The good start has been reflected by dairy commentators holding or even increasing their farmgate milk price predictions. They had predicted dairy commodity prices to start improving this year but the pace and angle of the rise are better than expected.

On top of that feed is generally plentiful, setting up farmers well for autumn and winter, and letting them keep the milk flowing as we approach the tail end of the season.

Fuel prices have come down, inflation is low at just under 2% a year and interest rates are also low and likely to stay that way this year. The Reserve Bank is likely to hold the official cash rate all year.

However, there is some upward pressure on inputs, notably on wages. 

And with a labour shortage farmers will have to respond if they want to attract and keep staff.

Many dairy farmers will have ample feed stored going into winter meaning there should be plenty on the market for those who need to buy, making prices attractive – good for the buyers but not so good for the arable farmers selling it.

Domestic demand is predicted to pick up this year after softening last year. Household spending is likely to grow at 5% for the next two years.

Business confidence is a tricky one to decipher. It’s a case of picking which of the many surveys you like.

Many businesses seem to be doing one and saying another. While expressing a lack of confidence they are investing and hiring more staff. 

It looks very much like a case of expressing the party line of pessimism because we have a Labour-led government while acting optimistically when making business decisions.

Farmers will also be worrying about the consequences for them of political moves on water quality, the environment generally and climate change.

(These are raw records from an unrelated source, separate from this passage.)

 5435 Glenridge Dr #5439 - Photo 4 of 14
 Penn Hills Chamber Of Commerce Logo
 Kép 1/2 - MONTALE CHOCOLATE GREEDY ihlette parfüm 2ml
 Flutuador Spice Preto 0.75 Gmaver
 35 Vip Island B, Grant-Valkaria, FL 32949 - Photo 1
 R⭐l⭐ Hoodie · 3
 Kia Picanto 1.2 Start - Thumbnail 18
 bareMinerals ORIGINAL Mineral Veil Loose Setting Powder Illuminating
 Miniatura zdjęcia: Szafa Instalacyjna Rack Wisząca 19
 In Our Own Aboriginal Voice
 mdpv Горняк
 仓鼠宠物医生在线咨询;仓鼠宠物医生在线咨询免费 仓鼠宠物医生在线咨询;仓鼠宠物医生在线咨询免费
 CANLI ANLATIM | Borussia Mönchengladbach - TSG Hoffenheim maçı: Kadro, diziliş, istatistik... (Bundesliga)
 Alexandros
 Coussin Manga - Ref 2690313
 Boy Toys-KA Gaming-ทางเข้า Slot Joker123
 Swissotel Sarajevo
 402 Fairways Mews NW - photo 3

There will be much jockeying for position this year as various interested groups try to influence Government thinking on all these issues so farmers need to make sure they are heard and can quantify their claims about what they are doing for the environment.

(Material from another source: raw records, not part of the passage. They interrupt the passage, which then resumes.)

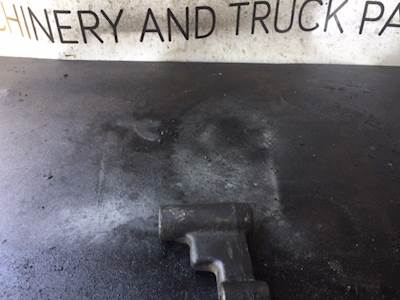 Cummins M11 CELECT PLUS Bracket Part#3896010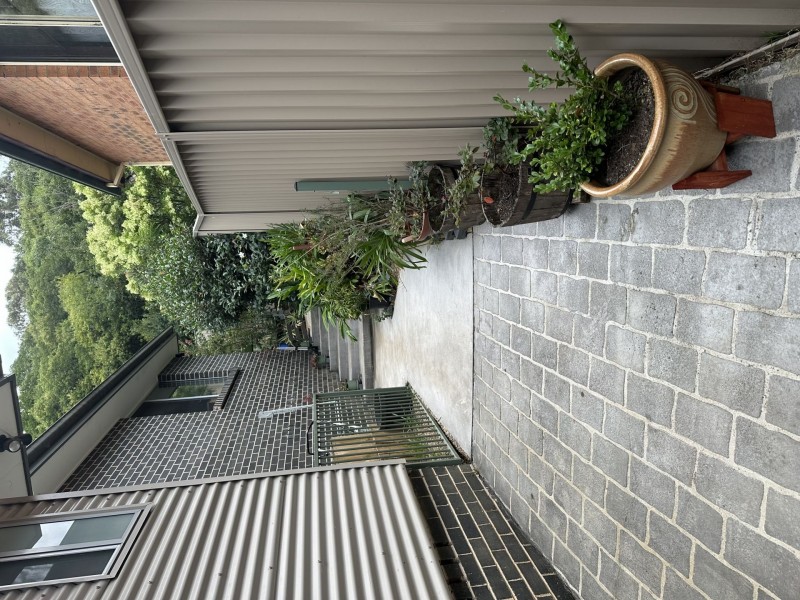 301A Argyle Street, Picton NSW 2571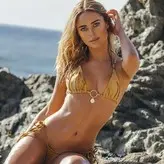 Kimberley Garner nude #4646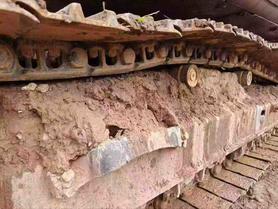 Buy Hitachi ZW250 Used Excavator / 7 Buy Hitachi ZW250 Used Excavator / 7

While there are likely to be some decisions made this year there are unlikely to be major financial impacts from them. Politicians don’t generally move that fast unless they are claiming credit for something everyone likes.

Overseas influences are likely to have a big effect on farm incomes this year but the exchange rate, barring dramatic events causing a sharp rise, is expected to be reasonably stable.

The big unknowns of the year are international events.

We don’t even know what Brexit will look like so trying to predict how it will affect us is fraught with difficulty.

In the past few years New Zealand hasn’t filled its European import quotas for lamb or dairy products at zero tariffs, indicating we have more important markets.

One of those important markets is China. Its trade war with the United States could be quickly resolved or escalate. Either way is not good news for New Zealand exporters.

A resolution will likely involve China taking more goods from America and an escalation could further depress domestic spending in China.

China’s downturn in domestic spending is allied with big cuts in both its imports and exports and though it has been more actively buying dairy products recently some commentators say it has now filled its immediate needs.

A bright spot on the international scene is that the European Union has managed to sell all but a small amount of its stockpiled skim milk powder without causing chaos in the market.

The net result of the domestic and overseas factors this year could be a squeeze on margins as costs at home push up and international uncertainty and tensions coupled with the Chinese downturn put downward pressure on prices.